I’m pretty sure it was the music historian Simon Frith who said “Every generation has the biological right to believe the music of its use is the best music ever made.” (If it wasn’t Simon, I apologize. But it’s too good a quote not to use.)
There’s a musical sweet spot between the time you enter high school and when you enter the workforce. You come of age musically. Not only do you listen to plenty of music and attend untold numbers of gigs, you use music as a way of projecting your identity to the world.
From this flood of sounds, a couple of voices inevitably rise above all the others. Every generation has someone of its own age and attitude who manages to express the right hopes, wishes, fears, concerns, angry and dreams for his/her peers/
For example, Baby Boomers embraced John Lennon and Bob Dylan to speak for them. Gen X, the sons and daughters of the Boomers, gravitated towards Kurt Cobain and Eddie Vedder. Millennials, the group demographers used to call Gen Y have…I don’t know. Kanye, maybe?
But what about Gen Z? This is a giant cohort currently between the ages of 13 and 24. Because they’re growing up in an always-connected world, these people have some of the most ecumenical musical tastes since…well, maybe ever.
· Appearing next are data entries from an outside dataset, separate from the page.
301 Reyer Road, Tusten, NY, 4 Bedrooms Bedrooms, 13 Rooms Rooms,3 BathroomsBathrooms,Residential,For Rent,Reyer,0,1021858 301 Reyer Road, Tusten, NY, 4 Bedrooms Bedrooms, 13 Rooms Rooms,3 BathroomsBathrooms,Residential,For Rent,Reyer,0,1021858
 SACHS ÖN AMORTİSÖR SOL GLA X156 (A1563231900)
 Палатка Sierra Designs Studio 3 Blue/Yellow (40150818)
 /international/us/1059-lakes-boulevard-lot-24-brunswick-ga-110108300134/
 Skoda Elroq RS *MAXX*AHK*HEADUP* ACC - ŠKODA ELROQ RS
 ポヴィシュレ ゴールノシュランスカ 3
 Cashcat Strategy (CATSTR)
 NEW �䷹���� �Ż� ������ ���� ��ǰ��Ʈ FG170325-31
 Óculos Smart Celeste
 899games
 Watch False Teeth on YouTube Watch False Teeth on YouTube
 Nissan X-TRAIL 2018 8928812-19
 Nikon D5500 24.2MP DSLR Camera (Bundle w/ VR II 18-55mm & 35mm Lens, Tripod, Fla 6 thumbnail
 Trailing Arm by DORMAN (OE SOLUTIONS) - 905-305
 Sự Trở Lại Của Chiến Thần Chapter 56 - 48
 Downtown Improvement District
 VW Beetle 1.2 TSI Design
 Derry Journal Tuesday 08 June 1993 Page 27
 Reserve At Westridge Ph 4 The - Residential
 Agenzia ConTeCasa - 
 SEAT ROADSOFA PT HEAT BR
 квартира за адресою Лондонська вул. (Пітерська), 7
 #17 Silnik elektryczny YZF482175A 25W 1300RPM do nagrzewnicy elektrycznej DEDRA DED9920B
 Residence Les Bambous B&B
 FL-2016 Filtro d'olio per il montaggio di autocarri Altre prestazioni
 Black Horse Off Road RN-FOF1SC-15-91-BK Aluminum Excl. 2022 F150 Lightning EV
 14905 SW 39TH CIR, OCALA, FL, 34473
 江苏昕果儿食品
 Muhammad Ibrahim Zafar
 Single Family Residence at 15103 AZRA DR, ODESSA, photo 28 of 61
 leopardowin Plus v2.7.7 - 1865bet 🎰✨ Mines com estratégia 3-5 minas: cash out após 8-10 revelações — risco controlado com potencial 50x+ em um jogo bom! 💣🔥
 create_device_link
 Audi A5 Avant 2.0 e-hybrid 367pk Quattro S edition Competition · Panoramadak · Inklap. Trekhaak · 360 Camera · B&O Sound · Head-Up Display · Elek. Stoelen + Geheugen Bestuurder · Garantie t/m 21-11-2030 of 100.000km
For this group, it’s all about the song not the album. And because they’re able to access 40 million songs instantly through their devices (often distressingly context-free), it’s exceedingly hard to pin down what they find meaningful with long-term importance.
So here’s the survey question for the week: If you are between 13 and 24, who is the voice of your generation? No fair saying blink-182, Jay-Z or The Beatles; they’re not OF your generation. Whoever you chose must be from your age group.
Consider this sociological/demographic research.